$M$ complete Riemannian manifold, $\gamma:[a,b]\to M$ is a geodesic, $p=\gamma(a),q=\gamma(b)$. We say q is conjugate to p along $\gamma$ if there is a Jacobi field $J$ along $\gamma$, st $J\neq0,J(a)=J(b)=0$.
But in John Lee's book , he used the definition where $J(p)=J(q)=0$
So is there any counter example of Lee's definition: There is a geodesic segment $\gamma:[a,b]\to M$ that cross the initial point $p$ more than one time, and there is a Jacobi field $J$ along $\gamma$, st $J\neq0, J(a)=J(b)=0$, but also exist $a<a'<b$ st $p=\gamma(a')$ and $J(a')\neq0$.
First, it should be clarified that I didn't write $J(p)=J(q)=0$. That wouldn't make sense, because the domain of a Jacobi field $J$ is a set of real numbers, not a set of points in $M$.
What I did write was
More specifically, what this means is that there are some parameter values $t_0,t_1$ in the domain of $\gamma$ such that $\gamma(t_0)=p$, $\gamma(t_1)=q$, and $J(t_0) = J(t_1)=0$ (while $J$ is not identically zero). (Note that this is essentially identical to the definition that Wikipedia gives, for what it's worth.)
So in the situation you described, $p$ and $q$ would definitely be conjugate along $\gamma$.
That situation can arise. For example, let $M$ be the lens space $L(3;1)$ (the quotient of $\mathbb S^3\subseteq \mathbb C^2$ by the $\mathbb Z/3$ action generated by $z\mapsto e^{2\pi i /3}z$), with the metric inherited from the round metric on $\mathbb S^3$. The geodesics on $M$ are just images of great circles on $\mathbb S^3$; explicitly, with unit-speed parametrization they are $\gamma(t) = [e^{i t}z_0]$, where brackets denote equivalence classes under the $\mathbb Z/3$ action.
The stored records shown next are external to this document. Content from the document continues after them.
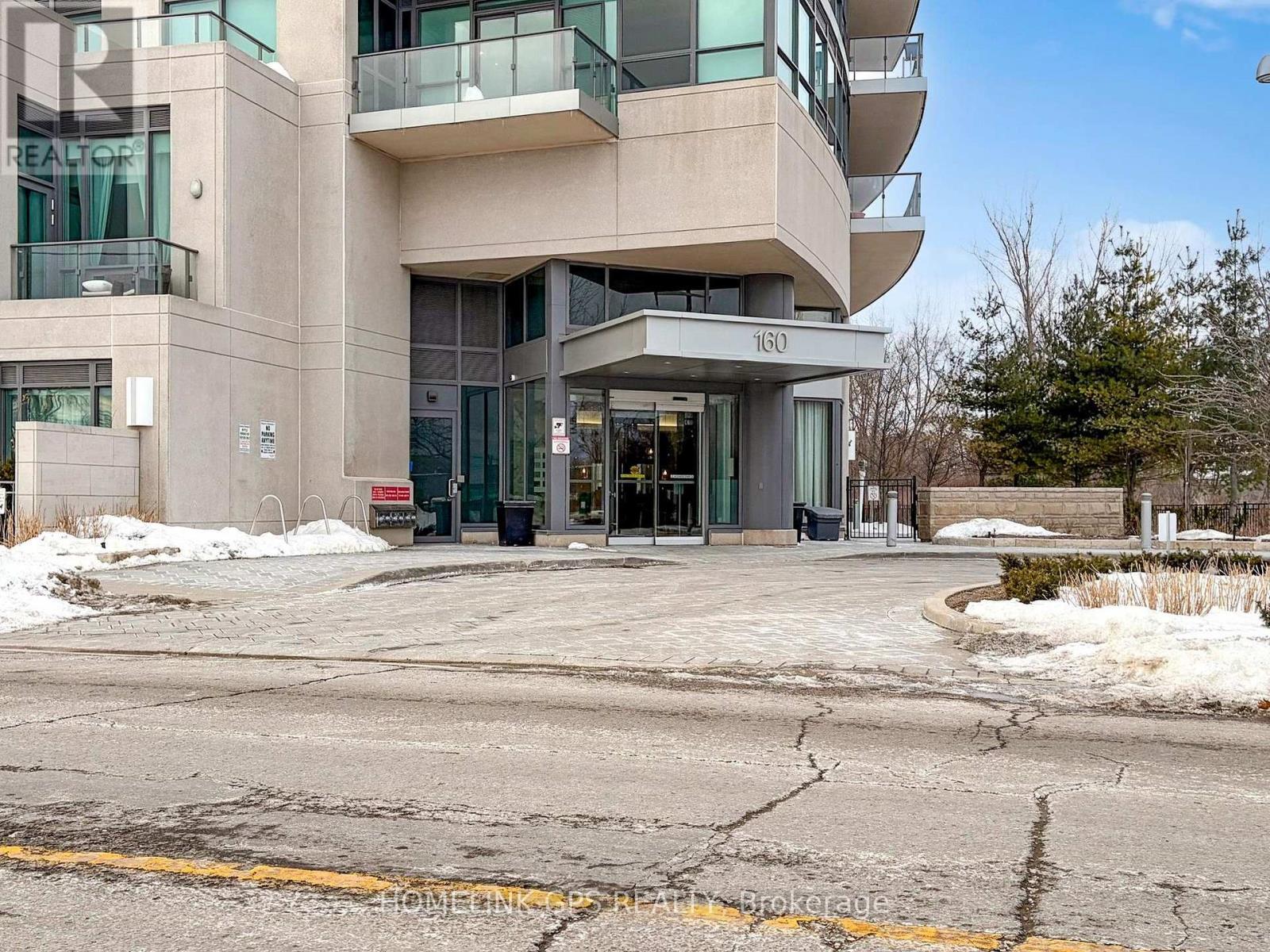 1505 - 160 Vanderhoof Avenue, Toronto, Ontario  M4G 0B7 - Photo 14 - C12756610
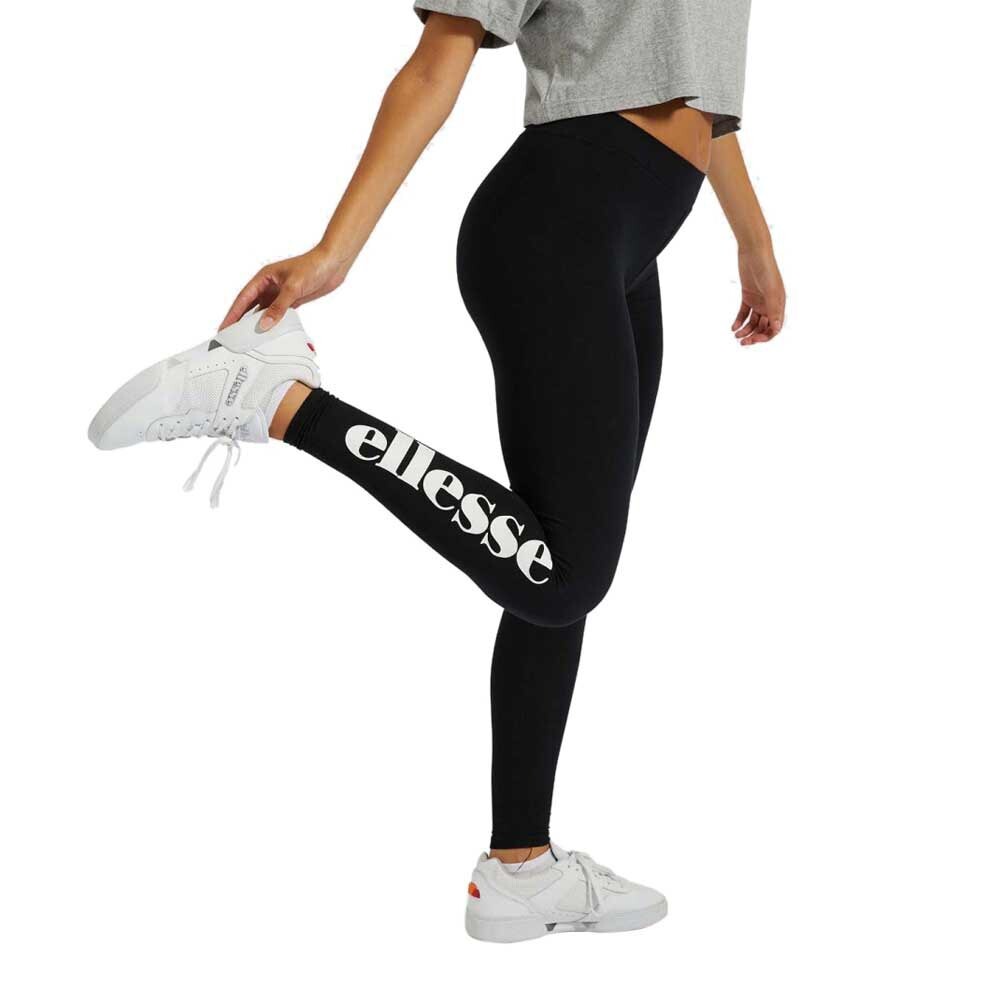 

Леггинсы Ellesse Solos 2, серый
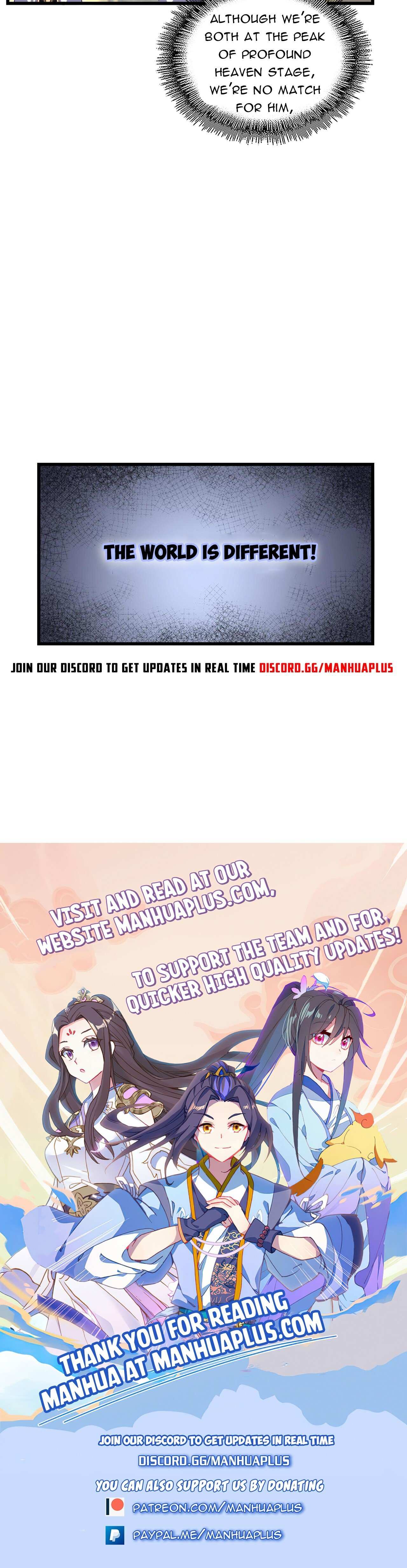 Magic Emperor - chapter-219 - Page 10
There are Jacobi fields along each such geodesic that vanish at $t=0$ and $t=\pi$, so $\gamma(\pi)$ is conjugate to $\gamma(0)$ along each such geodesic. But the geodesic also passes through the same point $\gamma(\pi)$ at time $\pi/3$ (because $[e^{\pi i/3}z]= [e^{\pi i}z]$), and the Jacobi field does not vanish at that parameter value.